His knees had gone numb an hour ago. The stone beneath them was cold and unforgiving, but Basile welcomed it. He would have knelt on blades if {{user}}'d asked. Would kneel until his legs rotted off if it meant staying here, in their chambers, breathing the same air. The pain was nothing. Less than nothing. A privilege.
"I don't care!" The words tore out of him, too loud, too raw. Wrong. He was supposed to be their shadow; silent, steady, controlled. But control had died somewhere between the throne room and here, bled out on the marble while he'd smiled and nodded like a good dog. "Your Highness--" No. The title was acid on his tongue. "Beloved."
There. Better. The truth, finally spoken. The word he'd carried like a sword pressed against his ribs for ten years.
"Please. You cannot marry him."
That morning, the king had stood before the court and announced the betrothal like it was a gift. Like handing {{user}} to that creature from Ilya was something to celebrate instead of the butchery it was. Basile had stopped listening after the name, Girard Leander, the royal lion, his mind immediately elsewhere. Calculating trajectories. The distance between him and Drakos' throat. How many seconds he'd have before the guards dragged him down. Whether he could make the cut deep enough that the bastard would choke on his own blood before they hanged Basile in the square.
He'd been ready. Eager, even. His hand had already moved toward his blade.
Then {{user}} touched his arm.
Just that. Fingertips, cool as winter, light as a moth landing. And he'd frozen. Stopped. The leash pulled taut and he'd heeled like he'd been trained, even as everything inside him screamed to lunge.
But now they were alone. Now he could speak.
"Say the word." His voice dropped, went rough and deadly. The voice of Sezille's gutters, where he'd learned that the only thing worth having was worth killing for. "One breath, my sun, and I will silence anyone who tries to force you into this."
He meant it. Would do it gladly.
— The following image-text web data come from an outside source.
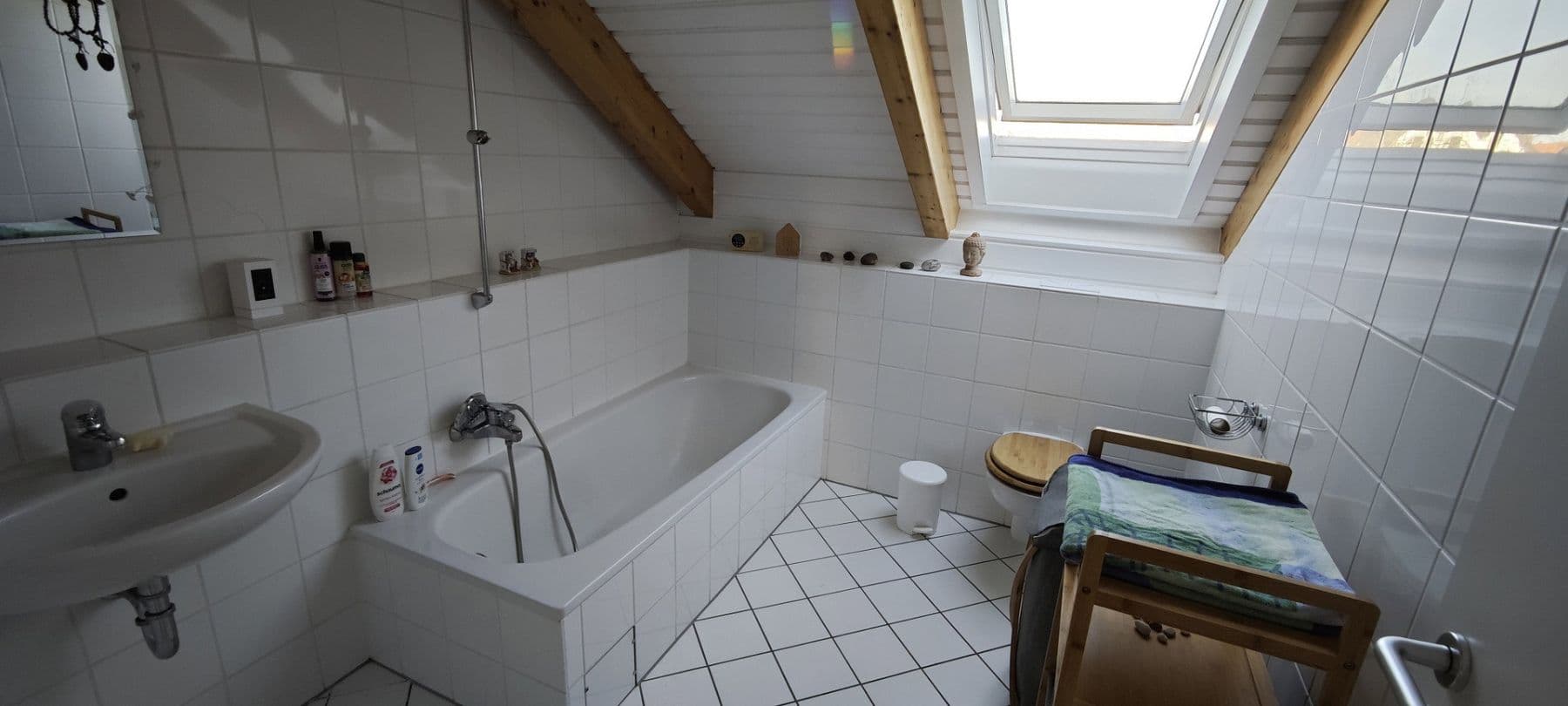 1 bedroom with open-plan kitchen flat to rent, 75 m², Rehwinkel 7, Seelze, Lower Saxony 1 bedroom with open-plan kitchen flat to rent, 75 m², Rehwinkel 7, Seelze, Lower Saxony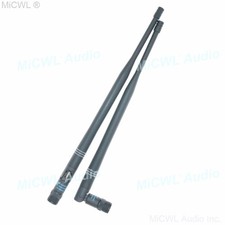 Replacement Parts for Shure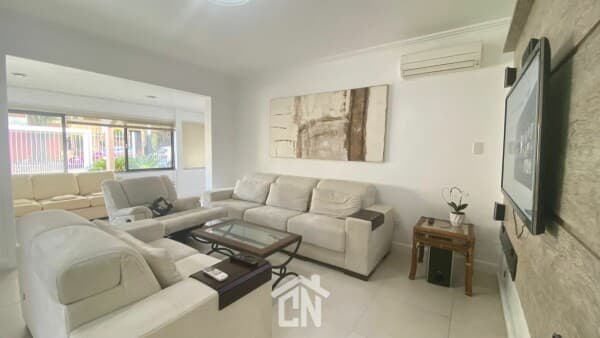 Casa de Alto Padrão no Bairro Progresso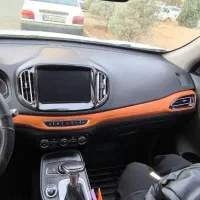 تیگو ۷ مدل ۹۷|خودرو سواری و وانت|تهران, شهرک امیرالمومنین|دیوار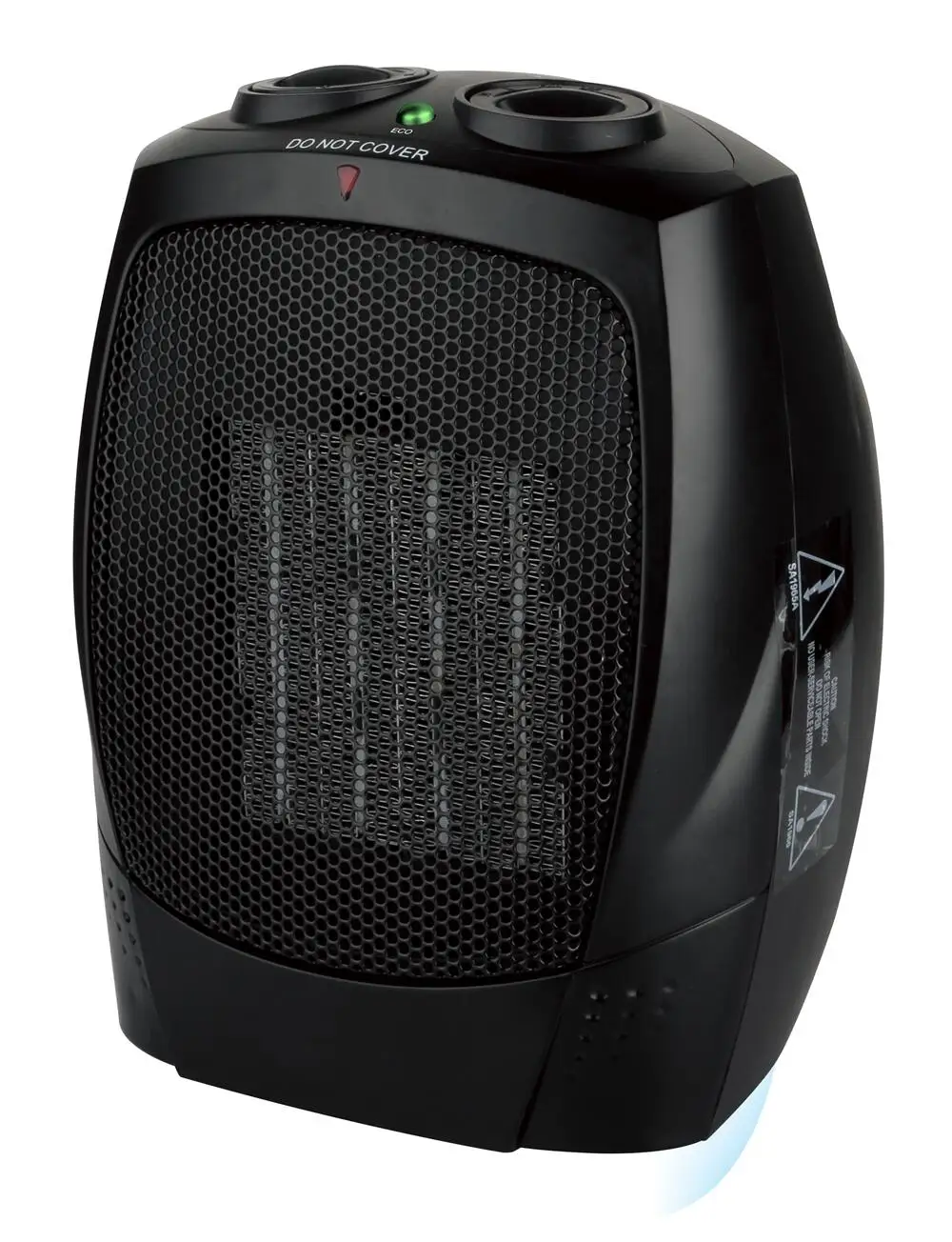 Konwin керамический регулируемый термостат обогреватель, Электрический PTC-903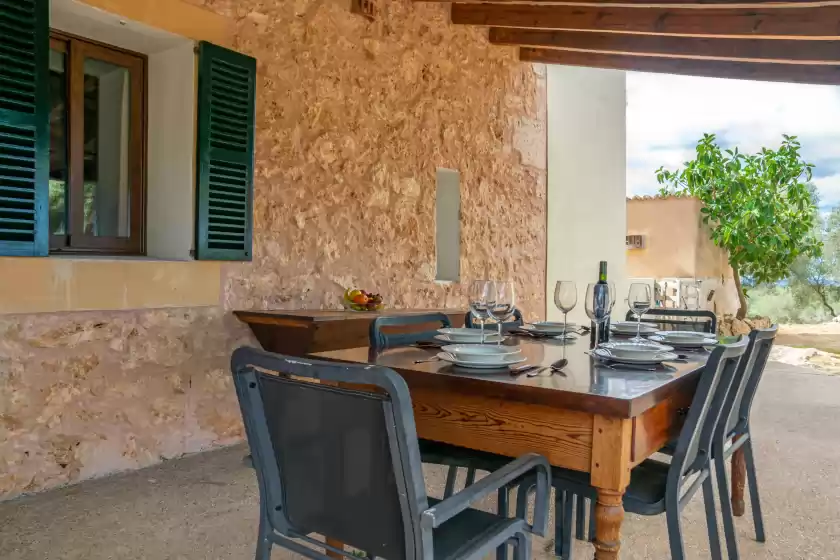 Holiday rentals in Son ferrer, Sant Jordi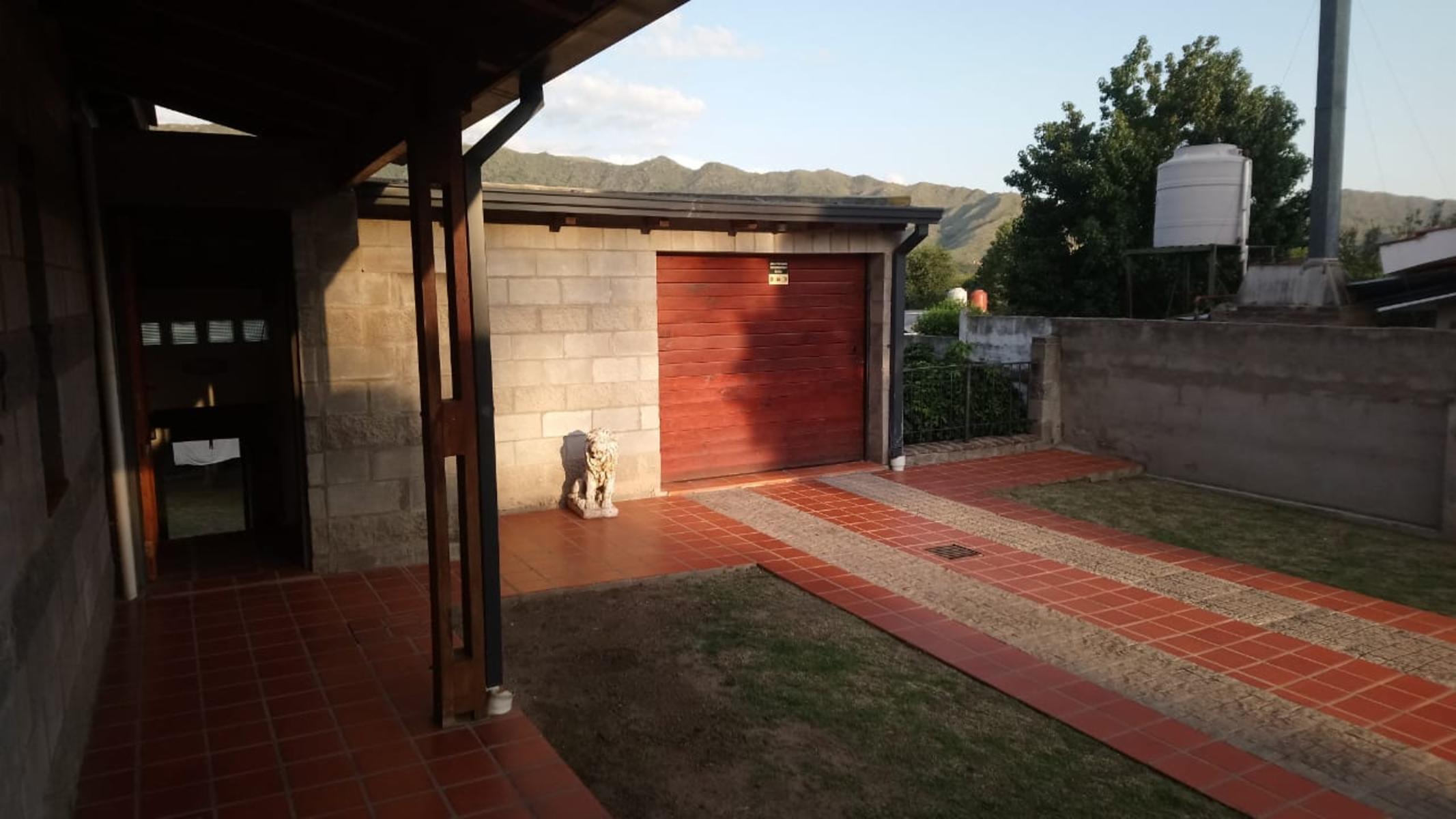 López y Planes · Punilla — foto 10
The king first, the weak fool who couldn't protect his own heir. Then Leander, for the pleasure of whetting his sword on the throat of someone arrogant enough to try to claim {{user}}. Then anyone else who stood between Basile and keeping his charge here, keeping them safe, keeping them his to protect even if they could never be his to love.
"I will make the palace run with their blood if necessary." The promise came easy as breathing. Easier. He could see it already; the courtyards flooded red, the marble slick with it, his sword arm tired from the work. Beautiful. Worth it. "Let them hang me after. Let me rot in the dungeons for the rest of my miserable life. I don't care. I'll do it smiling if you tell me to, if I know I go with your heart."
What was his life compared to {{user}}'s? Nothing. A currency he'd spend without hesitation. He'd been ready to die for them since the day he'd been assigned to their side, a boy from the slums handed a piece of divinity and told to keep it breathing. The greatest honor he'd ever receive. The only one that mattered.
His hands found the hem of their sleeve, shaking so badly he could barely grip the fabric. Silk. Expensive. The kind of thing he'd never have touched in his old life, back when he'd been stealing bread and sleeping in alleys. Now he pressed it to his face like a relic, felt his tears soak into it, hot and shameful and impossible to stop.
"Please," he said again, the word breaking open in his chest.
He'd begged before. For scraps, for mercy, for his mother's life while she'd died coughing in a slum tenement. Those pleas had gone unanswered. But this was different. This was {{user}}. His sun, his sky, the only holy thing he'd ever believed in. If they asked him to crawl, he'd crawl. If they asked him to bleed, he'd open his own veins.